“M’illumino d’immenso. Rinnovare l’amore per la vita e per l’arte con Ungaretti“ è stato il tema dell’incontro organizzato dal Gruppo Archeologico DLF Terni con il Professor Fausto Dominici.
“Quando Giuseppe Ungaretti scrive la poesia ‘Mattina’ «M’illumino / d’immenso» il testo risulta volutamente vago, spiega il Professor Dominici, ma le indicazioni di tempo e di luogo si trovano prima del testo, 26 gennaio 1917 Santa Maria la Longa, è il terzo anno di trincea per Ungaretti. Rimanda ad un’esperienza precisa vissuta dal poeta. Originariamente si chiamava ‘Cielo e mare’ perché cielo, mare e deserto nella poesia ungarettiana ci restituiscono l’idea della vastità, dell’infinito-indefinito. I due versi sono trisillabici, frutto di un gesto veramente rivoluzionario: è un settenario che Ungaretti spezza in due. Illumino e immenso cominciano e finiscono con la stessa vocale e c’è la vibrazione del suono m che non può non rimandare al primo suono emesso dai bambini, mamma. Poi c’è l’elisione iniziale – m apostrofo e d apostrofo – che allungano ulteriormente questi due termini. Questa è una poesia fondamentale nel percorso di Ungaretti: percepisce una sensazione visiva, la sensazione della luce e la declina insieme ad un’altra sensazione, creando una straordinaria sinestesia, alla sensazione del pensiero, un pensiero di vastità, di infinito. Allora la prima percezione apre sulla seconda e la seconda apre alla dimensione interiore a cui si accede attraverso l’esperienza sensoriale. Un’esperienza che poi origina una consapevolezza che non deriva da un procedimento logico. Improvvisamente Ungaretti si trova difronte allo spettacolo della vita che risorge dopo l’oscurità notturna, quell’oscurità che la guerra acuisce e si attiva questa consonanza intima e profonda che ci lascia con queste immagini talmente concentrate da risultare indefinibili. Arriva la luce e questo procura un effetto destabilizzante a cui consegue una sensazione di pienezza che nasce da questa ritrovata, imprevista e imprevedibile, sintonia tra la sua interiorità e il mondo intorno. Una sensazione che ha un valore assoluto perché la parola è per Ungaretti un valore assoluto. È in questo momento che il poeta scopre una tensione che poi lo accompagnerà per tutta la vita. Ungaretti cerca la forma poetica essenziale.”

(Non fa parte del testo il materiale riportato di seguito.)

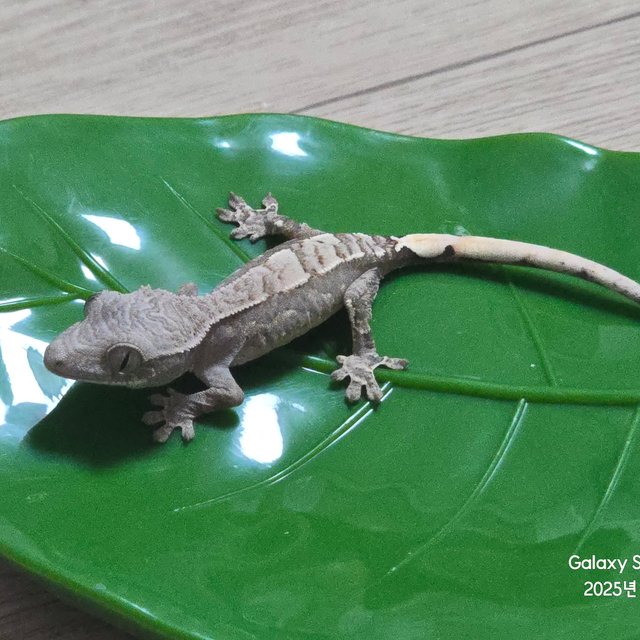 세이블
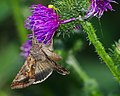 Autographa gamma on Carduoideae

La poetica di Ungaretti, in cui il verso e la parola vengono scavati e ridotti all’osso, trova in ‘Mattina’ la sua massima espressione: in soli due versi e quattro parole l’autore riesce a condensare gran parte delle tematiche a lui care e a mettere in corrispondenza il finito, l’uomo, con l’infinito, l’assoluto.